[Recorded information Boundary: Start]
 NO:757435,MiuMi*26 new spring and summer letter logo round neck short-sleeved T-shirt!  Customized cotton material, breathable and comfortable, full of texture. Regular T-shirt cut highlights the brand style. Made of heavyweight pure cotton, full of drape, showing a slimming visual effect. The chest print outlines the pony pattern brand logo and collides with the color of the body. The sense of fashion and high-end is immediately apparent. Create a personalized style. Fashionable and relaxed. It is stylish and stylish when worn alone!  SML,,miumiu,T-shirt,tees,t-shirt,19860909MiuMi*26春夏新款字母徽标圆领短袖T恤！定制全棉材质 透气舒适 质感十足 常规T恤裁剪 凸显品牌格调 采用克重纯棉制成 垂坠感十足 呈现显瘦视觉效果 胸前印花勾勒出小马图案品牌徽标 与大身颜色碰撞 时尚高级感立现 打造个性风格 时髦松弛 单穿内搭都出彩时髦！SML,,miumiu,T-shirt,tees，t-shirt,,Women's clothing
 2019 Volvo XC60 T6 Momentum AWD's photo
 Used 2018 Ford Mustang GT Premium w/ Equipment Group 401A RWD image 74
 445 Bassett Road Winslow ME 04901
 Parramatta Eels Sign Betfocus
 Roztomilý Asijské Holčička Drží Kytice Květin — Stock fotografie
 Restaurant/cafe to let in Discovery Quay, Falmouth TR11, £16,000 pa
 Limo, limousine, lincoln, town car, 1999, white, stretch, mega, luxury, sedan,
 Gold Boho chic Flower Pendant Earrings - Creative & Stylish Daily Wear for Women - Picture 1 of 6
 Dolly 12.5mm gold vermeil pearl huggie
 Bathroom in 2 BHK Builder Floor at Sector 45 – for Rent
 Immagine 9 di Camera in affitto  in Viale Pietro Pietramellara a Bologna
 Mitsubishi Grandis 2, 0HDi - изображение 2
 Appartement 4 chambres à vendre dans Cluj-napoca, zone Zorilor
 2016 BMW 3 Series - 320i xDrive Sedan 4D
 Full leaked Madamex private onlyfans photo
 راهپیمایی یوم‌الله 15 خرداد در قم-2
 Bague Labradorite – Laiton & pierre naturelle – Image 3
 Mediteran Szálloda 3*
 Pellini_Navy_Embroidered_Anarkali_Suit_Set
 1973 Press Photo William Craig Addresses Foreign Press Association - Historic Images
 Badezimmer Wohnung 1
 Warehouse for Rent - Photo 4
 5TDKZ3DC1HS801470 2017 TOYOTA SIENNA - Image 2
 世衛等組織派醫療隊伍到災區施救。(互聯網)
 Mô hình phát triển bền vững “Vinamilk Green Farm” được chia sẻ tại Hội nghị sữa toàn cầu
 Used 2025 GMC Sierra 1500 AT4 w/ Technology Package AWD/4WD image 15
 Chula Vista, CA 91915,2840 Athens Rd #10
[Recorded information Boundary: End]
- [What is being asked]: Could you give again exactly the lines from the line containing "Pellini_Navy_Embroidered_Anarkali_Suit_Set" through the final line of the data above, and no others?

- [Task answer]:
 Pellini_Navy_Embroidered_Anarkali_Suit_Set
 1973 Press Photo William Craig Addresses Foreign Press Association - Historic Images
 Badezimmer Wohnung 1
 Warehouse for Rent - Photo 4
 5TDKZ3DC1HS801470 2017 TOYOTA SIENNA - Image 2
 世衛等組織派醫療隊伍到災區施救。(互聯網)
 Mô hình phát triển bền vững “Vinamilk Green Farm” được chia sẻ tại Hội nghị sữa toàn cầu
 Used 2025 GMC Sierra 1500 AT4 w/ Technology Package AWD/4WD image 15
 Chula Vista, CA 91915,2840 Athens Rd #10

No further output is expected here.